The aim of this type of question is to find how many students like at least one of the sports. This includes students who like only one sport as well as those who like both. However, each student should only be counted once in the final total.

A useful way to think about this is to imagine lining students up. First, you include everyone who likes the first sport. Then, you include everyone who likes the second sport. When you come across a student who is already in the line because they like both sports, you do not add them again. This keeps the count accurate.

Some students find it helpful to organise the information into a table. One column can represent students who like one sport, another column for the second sport, and a separate space for students who like both. Organising information visually can reduce mistakes and improve confidence.

After counting the correct number of students who like at least one sport, you can calculate the probability. Probability compares how many outcomes match the condition with how many outcomes are possible in total. In this situation, the total number of possible outcomes is the total number of students.

Questions like this appear often at GCSE Foundation level because they test careful thinking rather than complex calculations.
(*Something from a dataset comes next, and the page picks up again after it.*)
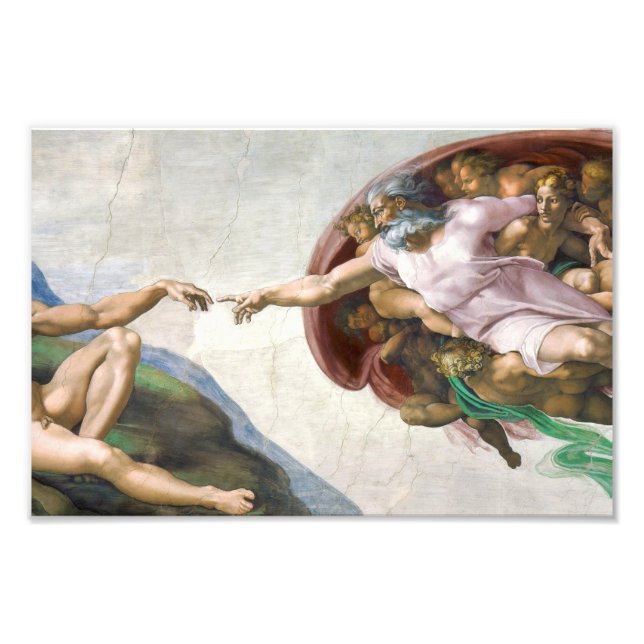 Michelangelo Buonarroti's The Creation of Adam (ci Photo Print (Front)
The key skill is recognising that overlapping groups need special attention.

These ideas are useful in everyday life. Sports clubs, schools, and community groups often survey people to see what activities are popular. Correctly counting people who take part in more than one activity helps organisers make better decisions.

To avoid errors in exams, always pause before calculating and ask yourself whether anyone could belong to both groups. If the answer is yes, make sure your method avoids counting those people more than once.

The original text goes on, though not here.